I want to talk about the gifts that one derives from a supportive family.

Unconditional love is one of the most valuable commodities for human growth and personal satisfaction. Seriously. People need the assurances that no matter what, they are going to be loved. This security is what allows us to branch out and take risks. Toddlers experience this with coming to find their caretaker every little bit while they are exploring. They are seeking the foundation. The rock that they can count on. As the child grows, they push limits to test the stability of that relationship. They need to see that despite their worst behavior, they are still going to be loved.

I firmly believe that we often use our family as a safe place to let our internal little monsters out to play. We rebel, argue, talk back, and in general leave a trail of worry with every step we take in adolescence and young adulthood. (I realize that there may be lots of “good kids” out there, but this is my blog, therefore my experience.) Now, if our family has done their job, we have a security blanket. No mistake is too large for our family to turn their backs on us. The best part? Knowing that we can come home after all the chips have been cashed in.

So, eventually we grow up. (Or at least we manage to get some grown up responsibilities.) For me, it was having a baby. I was 18 and pregnant. I am so lucky that my family came together, and supported me through that process. The children who are born to mother’s like me, women who are woefully unprepared for motherhood, end up with something even better; a whole village of family who pitches in and helps raise them. One of the biggest surprises that came with having a baby, is that I no longer knew everything. Quite the contrary. I knew nothing. (Becoming a mother is a humbling endeavor. Scary and wonderful all at the same time.)

Life continues to throw curve balls, and I continue to dodge and weave my way through them. Sometimes, they hit me squarely in the chest, and knock the wind out of me. My accomplishments have only been possible with the support of my family. This is the one truth that I know without a doubt. I am confident that no matter what path I choose in life, as long as I am happy, my family will stand behind me and cheer me on. (Remember, I like to be cheered for.)

Watching the series finale of Parenthood last night, I was struck by how much Zeke’s encouragement meant to his children. They all have a different relationship with their parents, and the writers managed to stay consistent with these roles. Crosby is the wayward son that needed to be told that he could run a business without his big brother, while Adam (the big brother and savior) needed to be told that he was not responsible for his brother. Sarah wanted her dad to give her away to the man who would be the most important man in her life. Julia’s relationship with her dad was not addressed as much, but her devotion to her family is very much her father’s legacy.
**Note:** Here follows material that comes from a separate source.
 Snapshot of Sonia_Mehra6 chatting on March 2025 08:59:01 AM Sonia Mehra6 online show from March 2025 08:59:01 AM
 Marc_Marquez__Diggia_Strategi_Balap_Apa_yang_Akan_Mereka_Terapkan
What struck me, left me in a sobbing heap of kleenex, was the realization that all of our families want happiness for their kids. Self-actualization. Be who you were born to be.

We all knew Zeke was going to die. It was only the theme of the four last episodes. I was dreading it. I was afraid that it would be devastating. The creators of this show gave us a gift though. The montage at the end managed to show how the family moved on, and found happiness, even without their patriarch. After all, it is all he really wanted.
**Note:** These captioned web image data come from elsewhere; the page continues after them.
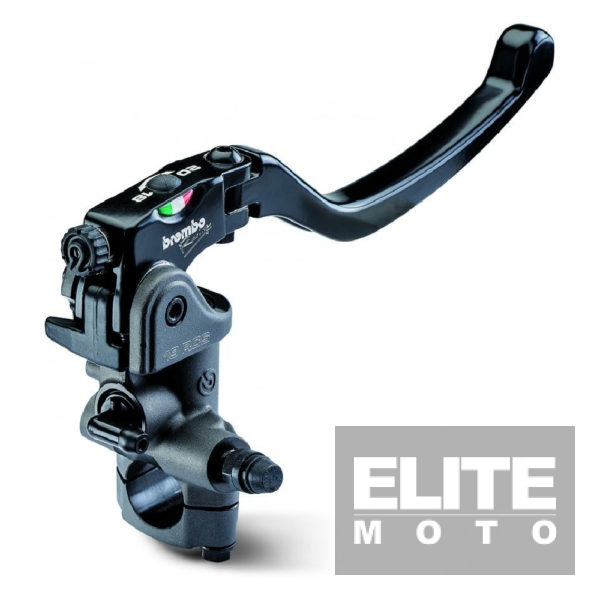 Brembo 19RCS HPK Master Cylinder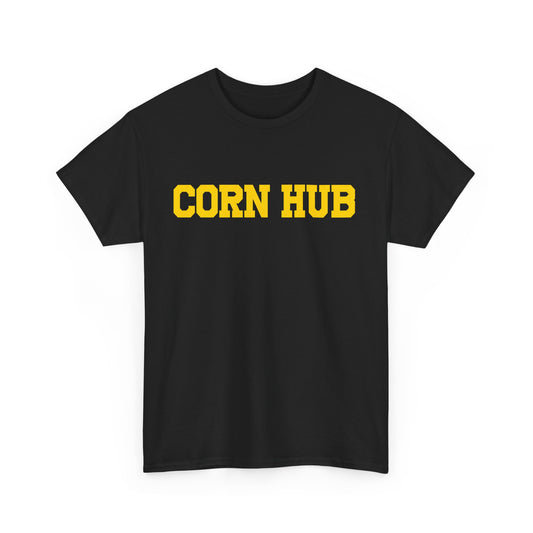 Corn Hub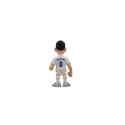 MINIX REAL MADRYT - FEDERICO VALVERDE MINIX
The song says it all. Mr. Bob Dylan managed to wrap it all up with a neat bow and catchy chorus.

May God bless and keep you always
May your wishes all come true
May you always do for others
And let others do for you
May you build a ladder to the stars
And climb on every rung
May you stay forever young
Forever young, forever young
May you stay forever young.

May you grow up to be righteous
May you grow up to be true
May you always know the truth
And see the lights surrounding you
May you always be courageous
Stand upright and be strong
May you stay forever young
Forever young, forever young
May you stay forever young.

May your hands always be busy
May your feet always be swift
May you have a strong foundation
When the winds of changes shift
May your heart always be joyful
And may your song always be sung
May you stay forever young
Forever young, forever young
May you stay forever young.

This song articulates my wishes for my son far better than I ever could. I want him to keep a sense of wonder, and to still enjoy a surprise. I want him to know that whatever path he chooses, I will be his foundation, and be waiting for his return home to check in. I can’t wait to read the story he writes for his life. I bet it is going to be quite the adventure.

The Hat

My Nana used to crochet. She made me two baby blankets. One was pink and blue, and the other was green and yellow. They had a pretty chevron pattern. I remember once my brother came along, he adopted the green and yellow blanket. These blankets and our pillows were constant companions when we were watching TV. Blankets that are insanely warm and cozy bring so much comfort. Every one should have a Nana who crochets.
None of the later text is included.